Weekly Advanced Technologies〔99〕丨When Asteroids Wear Disguise: Decoding Their True Composition; High-Efficiency Solar Hydrogen Production Enabled by Novel Artificial Photosynthetic System

Asteroids hold the primordial secrets of the Solar System's formation. A key breakthrough has been made by an international team led by the Shanghai Astronomical Observatory of the Chinese Academy of Sciences, successfully deciphering the spectral puzzle of S-type asteroids. Separately, inspired by the super-efficient energy transfer of natural photosynthetic chlorosomes, a team from the Shanghai Institute of Organic Chemistry of the Chinese Academy of Sciences has developed a novel biomimetic photosynthetic assembly, enabling highly efficient and stable photocatalytic hydrogen production.
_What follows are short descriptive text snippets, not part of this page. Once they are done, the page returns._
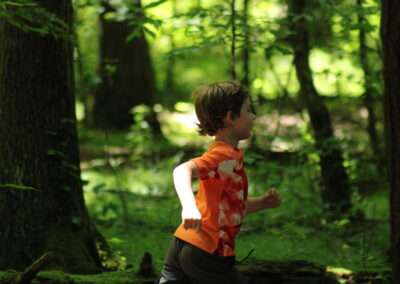 A young boy in an orange shirt running through the woods.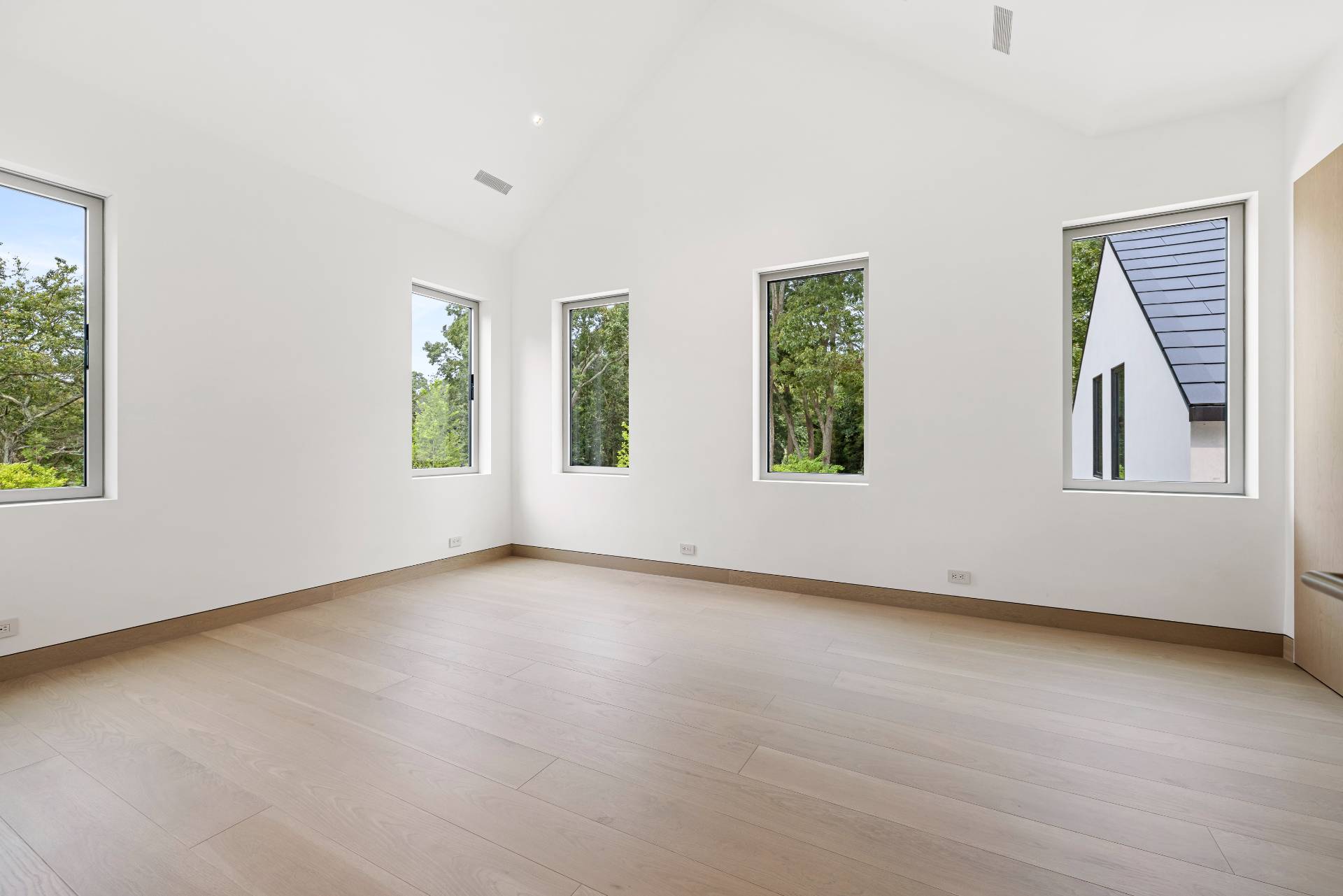 10 Mill Path Bridgehampton, NY 11963 - Photo 33 of 46 an empty room with windows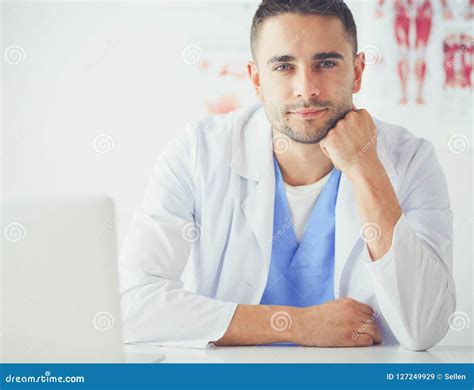 Portrait Of A Male Doctor With Laptop Sitting At Desk In Medical Office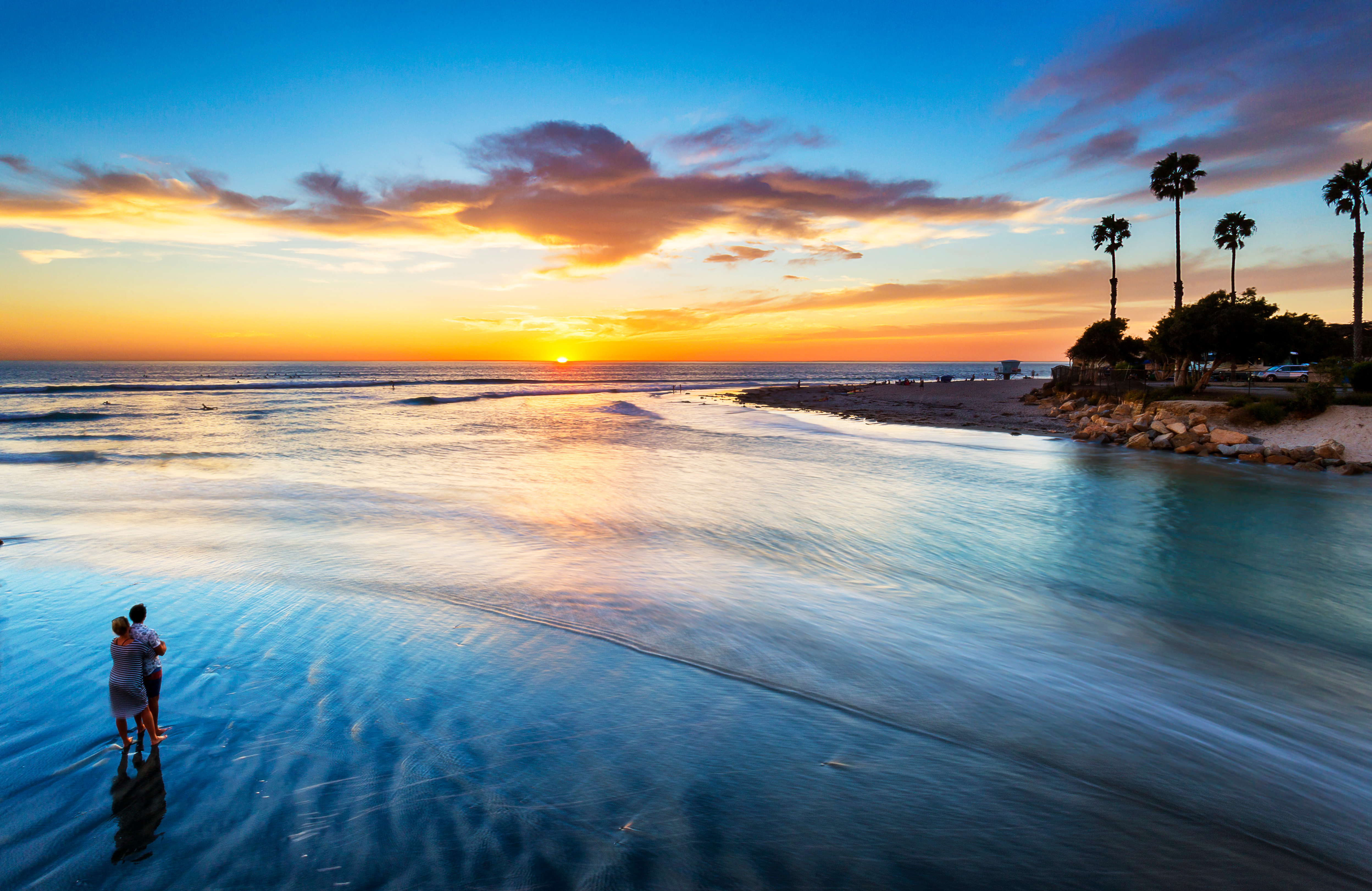 免费照片夫妇在棕榈树环绕的海滩上享受美丽的夕阳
Based on the weekly diary of technology provided by the daily list of the NCSTI online service platform, we launch the column "Weekly Advanced Technologies" at the hotlist of sci-tech innovation. Today, let's check out No.99.

1. Astrophysical Journal Supplement Series丨When Asteroids Wear Disguise: Decoding Their True Composition

Mineralogical Analysis of Multiple Asteroid Mission Targets Based on Spectroscopic Observational Data

Asteroids preserve primordial information from the initial formation of the Solar System 4.6 billion years ago. Astronomers classify asteroids into three major types—S, C, and X—based on their spectral characteristics. Among them, S-type asteroids are the most common in the near-Earth population, and their composition is similar to ordinary chondrites found on Earth. The scientific community typically infers their mineral composition by comparing asteroid spectra with laboratory data from meteorites. However, the environmental differences between space and the laboratory have long posed challenges to this work.

An international research team led by the Shanghai Astronomical Observatory of the Chinese Academy of Sciences has made significant progress. Through experiments on meteorite samples, the team systematically clarified the spectral response mechanism of S-type asteroids. They found that observational geometry and surface grain conditions can "distort" spectral features, which must be corrected to accurately interpret composition. Furthermore, the study revealed the antagonistic effects of thermal metamorphism and shock metamorphism on spectra, providing new clues for reconstructing asteroid evolutionary histories. It also resolved a long-standing question in the field: the small amount of iron-nickel metal on the surfaces of S-type asteroids has almost no influence on their spectral shape.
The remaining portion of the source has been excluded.